The comments from the sentence about the museum not being open on Mondays indicated that har öppet was the better translation. Is the distinction habitual (i.e., the museum is never open on Mondays) vs. point in time (i.e., it's 9:55 and the museum doesn't open until 10)? Tack!
Yes, exactly. They're not used like that 100 % of the time by natives, but close enough.
Normally yes, but you can place it in the very beginning if you want to stress it:
Än är museet inte öppet.
Note that the verb comes before the noun here because of the V2 rule.
What is the difference between "an" and "annu"? (sorry for lack of diacriticals here!
Does "museumet" not exist in Swedish because I just learned that "ett museum" means "a museum" or are there two words for museum in Swedish?
Lots of people do say "museumet", but it is more colloquial :). Another odd thing:
If museum is used in a compound word, it becomes musei, for example museichef and museiföremål (boss and object).

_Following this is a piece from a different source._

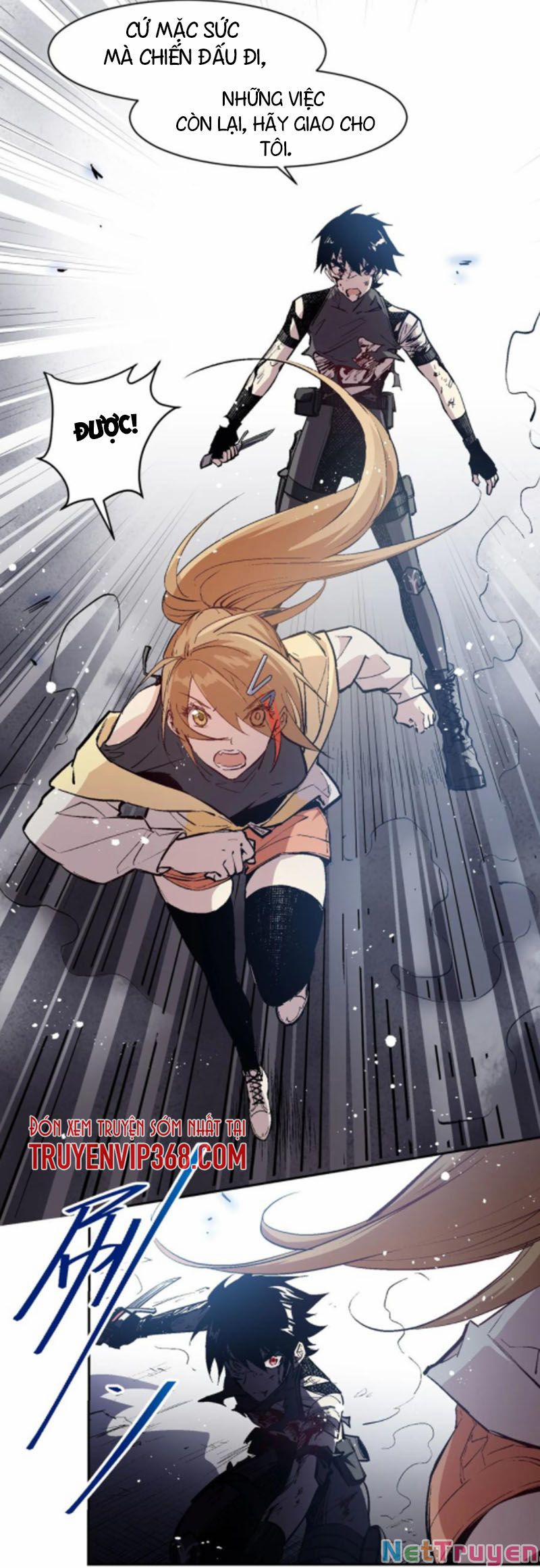Vương Bài Đặc Công Trùng Sinh Vườn Trường 48 trang 18
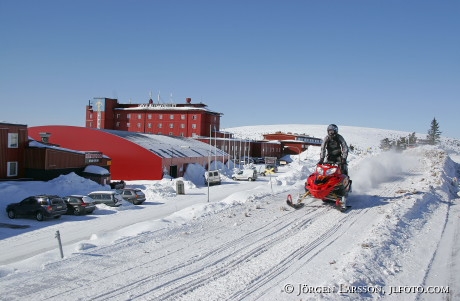 Scoter Hotell Dalarna Sweden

Amazing! Where does this i come from? The Latin genitive, or is it just a sound that Swedish adds to some compounds? And as for museumet: in Dutch, the regular plural 'museums' is officially correct, too, though frowned upon by the culturati, who much prefer 'musea'.
I guess it is the Latin genitive, but I don't know of any other examples where it is used in a compound word. (We have many Kristi + something, where Kristi means Christ's though.)